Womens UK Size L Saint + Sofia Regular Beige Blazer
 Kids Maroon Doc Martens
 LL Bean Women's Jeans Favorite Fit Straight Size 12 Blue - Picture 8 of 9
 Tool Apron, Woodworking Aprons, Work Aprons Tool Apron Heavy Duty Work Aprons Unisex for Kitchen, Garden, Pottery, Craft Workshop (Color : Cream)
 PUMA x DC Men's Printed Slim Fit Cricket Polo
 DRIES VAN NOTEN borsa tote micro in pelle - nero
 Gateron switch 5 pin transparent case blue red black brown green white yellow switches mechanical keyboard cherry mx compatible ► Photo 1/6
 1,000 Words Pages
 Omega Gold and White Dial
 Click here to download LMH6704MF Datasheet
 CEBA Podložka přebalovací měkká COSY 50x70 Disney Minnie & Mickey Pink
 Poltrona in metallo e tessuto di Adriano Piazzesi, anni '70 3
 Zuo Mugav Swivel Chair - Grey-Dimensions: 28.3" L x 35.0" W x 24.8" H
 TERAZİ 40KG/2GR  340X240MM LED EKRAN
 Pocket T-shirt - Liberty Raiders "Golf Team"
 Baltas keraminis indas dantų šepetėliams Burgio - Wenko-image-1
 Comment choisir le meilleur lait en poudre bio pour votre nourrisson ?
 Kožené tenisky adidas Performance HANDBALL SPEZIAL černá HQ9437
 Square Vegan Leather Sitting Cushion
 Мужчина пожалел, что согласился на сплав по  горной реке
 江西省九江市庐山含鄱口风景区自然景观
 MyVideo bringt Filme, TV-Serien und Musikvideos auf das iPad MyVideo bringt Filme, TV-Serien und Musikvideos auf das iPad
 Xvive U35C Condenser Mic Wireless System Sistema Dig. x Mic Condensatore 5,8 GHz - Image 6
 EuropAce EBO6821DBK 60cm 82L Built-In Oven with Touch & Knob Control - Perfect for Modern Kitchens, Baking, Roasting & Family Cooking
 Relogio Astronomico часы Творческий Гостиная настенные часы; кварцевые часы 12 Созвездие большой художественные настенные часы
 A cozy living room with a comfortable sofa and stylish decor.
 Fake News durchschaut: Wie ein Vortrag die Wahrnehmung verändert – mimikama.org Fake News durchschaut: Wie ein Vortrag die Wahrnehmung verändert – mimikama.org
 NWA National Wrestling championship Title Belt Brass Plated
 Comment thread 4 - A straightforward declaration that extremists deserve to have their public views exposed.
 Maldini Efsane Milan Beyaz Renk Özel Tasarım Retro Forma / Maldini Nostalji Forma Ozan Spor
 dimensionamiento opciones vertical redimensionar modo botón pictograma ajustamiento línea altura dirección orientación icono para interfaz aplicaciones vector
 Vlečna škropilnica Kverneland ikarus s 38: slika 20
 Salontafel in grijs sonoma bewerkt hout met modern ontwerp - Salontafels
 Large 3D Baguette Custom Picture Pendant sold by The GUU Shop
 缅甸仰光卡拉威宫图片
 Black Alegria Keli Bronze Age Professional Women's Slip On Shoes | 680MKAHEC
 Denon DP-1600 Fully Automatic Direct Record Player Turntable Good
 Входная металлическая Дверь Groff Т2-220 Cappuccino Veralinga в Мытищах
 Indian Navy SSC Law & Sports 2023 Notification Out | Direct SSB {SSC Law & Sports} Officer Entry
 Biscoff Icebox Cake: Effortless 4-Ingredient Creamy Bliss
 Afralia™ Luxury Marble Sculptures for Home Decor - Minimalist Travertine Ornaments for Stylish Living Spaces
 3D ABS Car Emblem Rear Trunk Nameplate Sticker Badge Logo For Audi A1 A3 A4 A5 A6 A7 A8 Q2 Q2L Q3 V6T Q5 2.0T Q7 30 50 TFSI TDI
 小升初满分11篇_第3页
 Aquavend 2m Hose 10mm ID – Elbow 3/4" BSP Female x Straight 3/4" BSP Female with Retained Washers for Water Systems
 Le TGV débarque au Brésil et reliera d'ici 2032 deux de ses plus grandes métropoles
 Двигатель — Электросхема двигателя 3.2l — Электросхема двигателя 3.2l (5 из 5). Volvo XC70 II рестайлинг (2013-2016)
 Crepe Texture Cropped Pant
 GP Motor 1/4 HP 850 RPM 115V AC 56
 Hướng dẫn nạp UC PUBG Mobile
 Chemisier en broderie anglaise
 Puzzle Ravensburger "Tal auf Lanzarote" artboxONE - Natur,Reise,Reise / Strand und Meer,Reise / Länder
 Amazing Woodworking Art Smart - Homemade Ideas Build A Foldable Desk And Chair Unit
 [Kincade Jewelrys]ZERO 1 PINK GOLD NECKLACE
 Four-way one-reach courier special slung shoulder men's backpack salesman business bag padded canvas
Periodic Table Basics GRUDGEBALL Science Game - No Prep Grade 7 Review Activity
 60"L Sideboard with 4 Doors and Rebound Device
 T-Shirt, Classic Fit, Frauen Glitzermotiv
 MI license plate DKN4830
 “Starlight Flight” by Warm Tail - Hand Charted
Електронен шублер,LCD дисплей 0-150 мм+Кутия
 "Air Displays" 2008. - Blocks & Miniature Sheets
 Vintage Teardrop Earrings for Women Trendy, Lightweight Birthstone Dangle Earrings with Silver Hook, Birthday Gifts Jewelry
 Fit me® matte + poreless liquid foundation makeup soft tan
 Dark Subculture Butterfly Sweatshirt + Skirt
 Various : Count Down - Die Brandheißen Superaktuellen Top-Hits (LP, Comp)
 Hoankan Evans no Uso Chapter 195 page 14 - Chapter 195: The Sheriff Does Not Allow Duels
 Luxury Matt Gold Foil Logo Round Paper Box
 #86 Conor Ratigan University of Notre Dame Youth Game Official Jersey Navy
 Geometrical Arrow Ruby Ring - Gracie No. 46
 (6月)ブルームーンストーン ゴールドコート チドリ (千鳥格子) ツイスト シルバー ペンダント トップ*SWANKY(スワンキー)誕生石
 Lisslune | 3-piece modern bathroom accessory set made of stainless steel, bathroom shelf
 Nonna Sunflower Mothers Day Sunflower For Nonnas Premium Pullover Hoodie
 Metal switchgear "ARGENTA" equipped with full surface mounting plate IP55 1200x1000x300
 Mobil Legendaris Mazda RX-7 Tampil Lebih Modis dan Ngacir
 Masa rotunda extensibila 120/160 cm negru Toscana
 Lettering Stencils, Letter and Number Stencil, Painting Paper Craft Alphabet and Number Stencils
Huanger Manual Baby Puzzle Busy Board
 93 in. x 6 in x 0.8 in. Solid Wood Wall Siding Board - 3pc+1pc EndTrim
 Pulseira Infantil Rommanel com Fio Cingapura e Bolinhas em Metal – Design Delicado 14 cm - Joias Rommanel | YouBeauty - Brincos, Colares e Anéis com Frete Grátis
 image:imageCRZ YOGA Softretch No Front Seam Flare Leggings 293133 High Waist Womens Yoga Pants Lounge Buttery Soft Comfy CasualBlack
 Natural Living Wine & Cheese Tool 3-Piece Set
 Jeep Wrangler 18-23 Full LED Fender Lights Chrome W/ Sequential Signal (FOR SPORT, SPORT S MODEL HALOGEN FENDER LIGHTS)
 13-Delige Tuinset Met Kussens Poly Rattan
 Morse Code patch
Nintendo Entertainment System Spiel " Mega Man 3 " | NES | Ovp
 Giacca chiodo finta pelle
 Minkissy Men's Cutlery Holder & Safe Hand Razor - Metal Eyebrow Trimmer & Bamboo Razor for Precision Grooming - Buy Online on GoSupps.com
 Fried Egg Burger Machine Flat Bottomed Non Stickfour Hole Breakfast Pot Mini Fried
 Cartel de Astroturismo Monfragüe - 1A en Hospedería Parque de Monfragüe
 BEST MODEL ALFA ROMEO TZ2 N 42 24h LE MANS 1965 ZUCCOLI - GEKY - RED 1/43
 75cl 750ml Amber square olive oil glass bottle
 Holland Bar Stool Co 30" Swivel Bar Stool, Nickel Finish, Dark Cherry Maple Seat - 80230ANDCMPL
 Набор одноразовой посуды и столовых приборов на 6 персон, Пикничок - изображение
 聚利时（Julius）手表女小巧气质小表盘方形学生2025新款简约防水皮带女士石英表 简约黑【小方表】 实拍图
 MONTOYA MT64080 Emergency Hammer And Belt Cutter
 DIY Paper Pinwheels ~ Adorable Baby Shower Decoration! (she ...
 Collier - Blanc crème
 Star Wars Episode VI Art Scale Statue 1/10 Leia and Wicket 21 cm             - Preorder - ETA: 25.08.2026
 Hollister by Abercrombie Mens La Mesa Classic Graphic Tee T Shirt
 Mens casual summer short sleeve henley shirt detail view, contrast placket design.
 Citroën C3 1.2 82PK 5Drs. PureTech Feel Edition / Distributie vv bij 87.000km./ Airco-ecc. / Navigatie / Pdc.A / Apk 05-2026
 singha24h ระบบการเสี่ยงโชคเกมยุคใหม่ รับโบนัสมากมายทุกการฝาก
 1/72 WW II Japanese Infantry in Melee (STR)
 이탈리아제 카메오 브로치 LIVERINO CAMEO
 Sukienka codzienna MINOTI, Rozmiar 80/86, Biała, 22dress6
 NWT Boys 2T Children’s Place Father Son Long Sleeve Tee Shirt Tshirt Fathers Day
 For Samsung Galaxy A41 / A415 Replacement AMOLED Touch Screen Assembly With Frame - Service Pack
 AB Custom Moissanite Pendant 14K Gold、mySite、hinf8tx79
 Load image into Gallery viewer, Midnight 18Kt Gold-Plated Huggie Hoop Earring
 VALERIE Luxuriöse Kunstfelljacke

Task goal -> Copy the lines that hold the word "Craft". Take them from the records above.

Answer ->
 Tool Apron, Woodworking Aprons, Work Aprons Tool Apron Heavy Duty Work Aprons Unisex for Kitchen, Garden, Pottery, Craft Workshop (Color : Cream)
 Lettering Stencils, Letter and Number Stencil, Painting Paper Craft Alphabet and Number Stencils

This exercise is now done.